Gaming Confession: I Still Haven’t Finished Baldur’s Gate 3
Posted on August 12, 2024 by Aywren
The 1 year anniversary of Baldur’s Gate 3 - a game I had not planned to buy but got sucked into anyhow – was earlier this month. Not only have I never written about my adventures in BG3 (despite meaning to), I’ve still never finished the game yet.
Back when the game released, I was very much into it. I enjoyed it with friends. I enjoyed it solo. I loved so much about the experience, and put over 100 hours into the game.
I still think it’s fantastic. I still want to finish it.
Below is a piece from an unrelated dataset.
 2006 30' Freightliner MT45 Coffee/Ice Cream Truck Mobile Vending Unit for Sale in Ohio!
Part of me is glad that I dragged my heels in doing so, because now there are more options and fleshed-out endings to look forward to than back when the game first released. And yet, I haven’t touched the game since November of last year, where I left off.
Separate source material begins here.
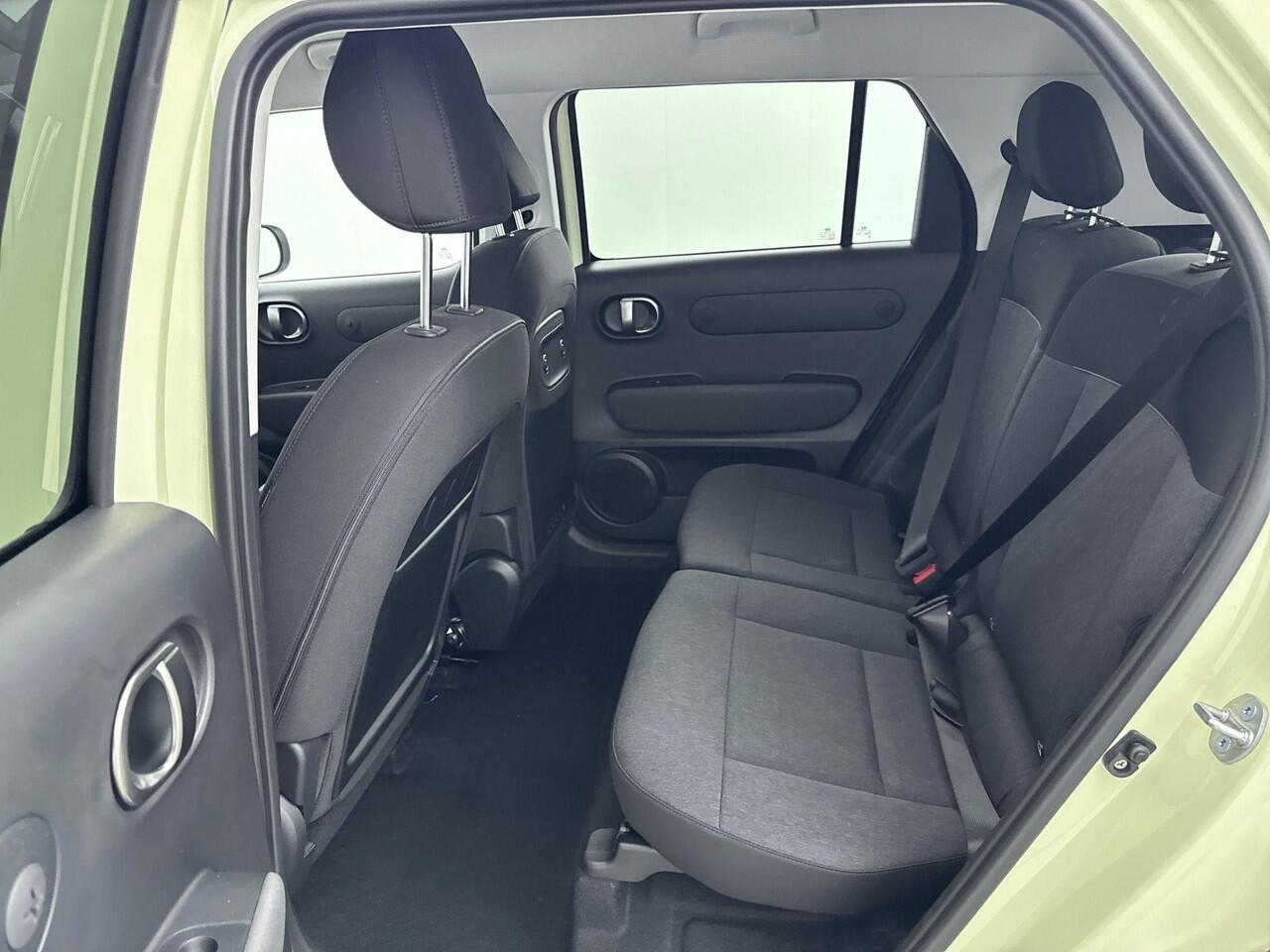 Hyundai INSTER Pulse 49 kWh | 3-Fasen | Snelladen | Navigatie | Camera | Parkeersensoren |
So, what happened that killed my momentum?
It’s hard to say. I fizzled out at the beginning of Chapter 3, right after getting into Baldur’s Gate itself. I know that’s so close to the end, but it also feels so far away. Mostly because there’s something about dense city settings with all the quests and goings-on that feels just a little bit overwhelming to me in an RPG.
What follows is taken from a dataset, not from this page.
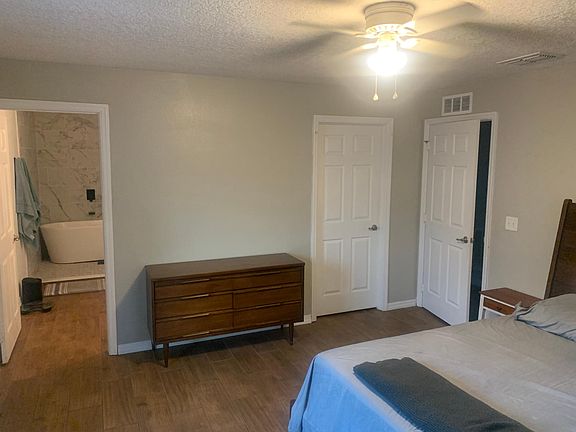 3rd image of 925 Oak Dr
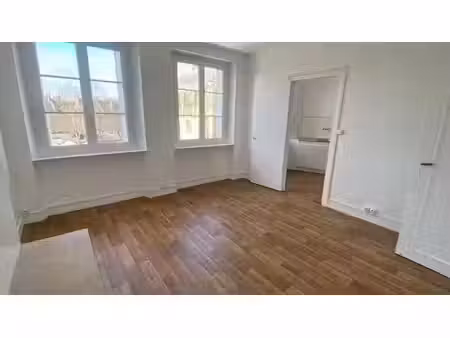 location appartement 2 pièces 42 m² à argentan (61200)  467 €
I have a habit of losing interest in a game when encountering a big city, and I can’t tell you why. Maybe it’s just that it feels like there’s so much to see and do. While you might think that sounds like a good thing, when there’s too many objectives spread out through a city environment, it just doesn’t work well for me.
I’m sure that if I spent more time in Baldur’s Gate, I could learn my way around and overcome the feeling of overwhelm that I get in RPG cities in general. I didn’t dislike the city or my time there, and I honestly remember enough about what I was doing and who I interacted with in the game to pick up where I left off pretty easily.
Just like with all of my other gaming goals – both PC and Switch – this requires time and attention, both which I seem to struggle to offer to games that I’m not already focused on playing with other people. I’m very good at dropping dozens of hours in MMOs or co-op survival games, but terrible at playing games on my own for some reason.
Anyhow, I’m wandering off of what I intended to write about – mostly that I very much enjoyed my time in BG3, and I very much still want to finish it! It’s really just finding the time and motivation to do so that I struggle with!
Do you have trouble focusing on single player games like I do? Do you have any suggestions for how I can overcome this issue and enjoy single player games again?